Entropy and the Kullback-Leibler Divergence for Bayesian Networks: Computational Complexity and Efficient Implementation
Marco Scutari
TL;DR
This work addresses the computational bottlenecks of computing information‑theoretic quantities for Bayesian networks, notably Shannon entropy and KL divergence, under discrete, Gaussian, and conditional linear Gaussian assumptions. By exploiting BN graphical structure and local distributions, it derives efficient exact expressions for entropy and KL in Gaussian and CLGBNs, and analyzes the associated complexity across BN families. It shows that KL computation for Gaussian BNs can be performed approximately in $O(N^2)$ rather than $O(N^3)$, while discrete BNs remain challenging due to non‑orthogonal entropy decomposition and require junction‑tree based methods. The results provide practical, scalable tools for BN‑based analysis and interpretation, with step‑by‑step numeric examples and an implementation in the bnlearn R package, enabling exact or near‑exact information‑theoretic measures in real‑world applications.
Abstract
Bayesian networks (BNs) are a foundational model in machine learning and causal inference. Their graphical structure can handle high-dimensional problems, divide them into a sparse collection of smaller ones, underlies Judea Pearl's causality, and determines their explainability and interpretability.

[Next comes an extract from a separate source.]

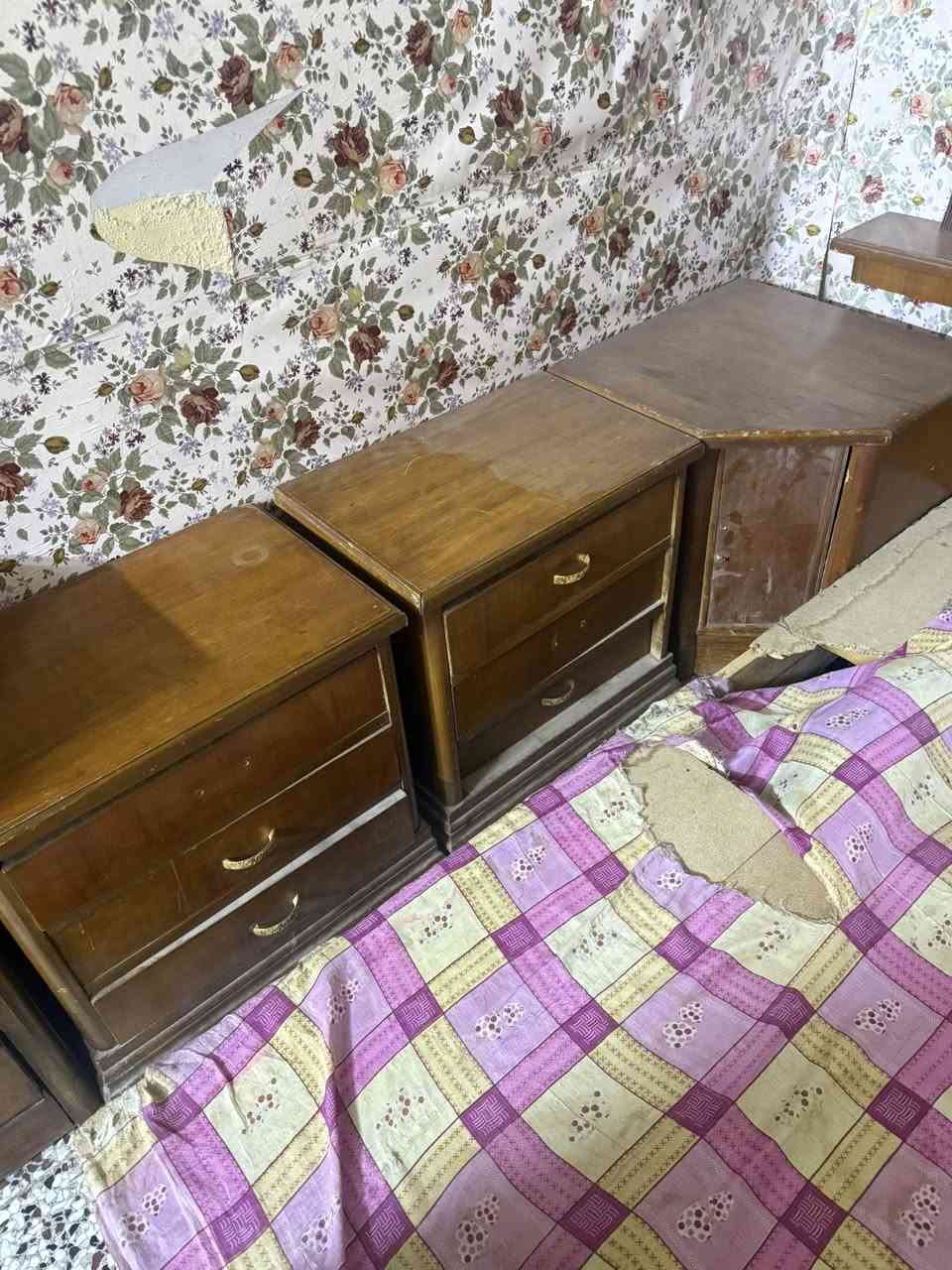 غرفه صاج قديمة وثكيله بيها أضرار بسيطة مستعجلين على بيعتها المكان الكاضمية الشراي يدخل خاص السعر 450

Despite their popularity, there are almost no resources in the literature on how to compute Shannon's entropy and the Kullback-Leibler (KL) divergence for BNs under their most common distributional assumptions. In this paper, we provide computationally efficient algorithms for both by leveraging BNs' graphical structure, and we illustrate them with a complete set of numerical examples. In the process, we show it is possible to reduce the computational complexity of KL from cubic to quadratic for Gaussian BNs.